Material to process -
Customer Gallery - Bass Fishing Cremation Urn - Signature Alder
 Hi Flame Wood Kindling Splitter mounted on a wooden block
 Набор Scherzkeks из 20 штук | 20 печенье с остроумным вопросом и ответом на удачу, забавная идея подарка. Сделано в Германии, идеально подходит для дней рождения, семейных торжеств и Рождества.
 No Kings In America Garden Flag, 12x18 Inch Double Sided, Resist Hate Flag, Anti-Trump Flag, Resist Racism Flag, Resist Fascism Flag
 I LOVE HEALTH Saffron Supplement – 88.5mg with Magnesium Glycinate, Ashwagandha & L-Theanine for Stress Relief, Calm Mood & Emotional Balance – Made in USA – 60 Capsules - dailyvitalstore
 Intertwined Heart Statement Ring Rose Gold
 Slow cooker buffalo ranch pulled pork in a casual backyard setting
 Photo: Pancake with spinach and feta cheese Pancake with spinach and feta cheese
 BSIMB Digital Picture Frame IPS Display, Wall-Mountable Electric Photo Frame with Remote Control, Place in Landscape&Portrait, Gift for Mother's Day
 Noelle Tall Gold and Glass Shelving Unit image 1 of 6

Aim of the exercise -
Search the entries for the word "Photo". Copy every line where it occurs.

Result of the task -
 Photo: Pancake with spinach and feta cheese Pancake with spinach and feta cheese
 BSIMB Digital Picture Frame IPS Display, Wall-Mountable Electric Photo Frame with Remote Control, Place in Landscape&Portrait, Gift for Mother's Day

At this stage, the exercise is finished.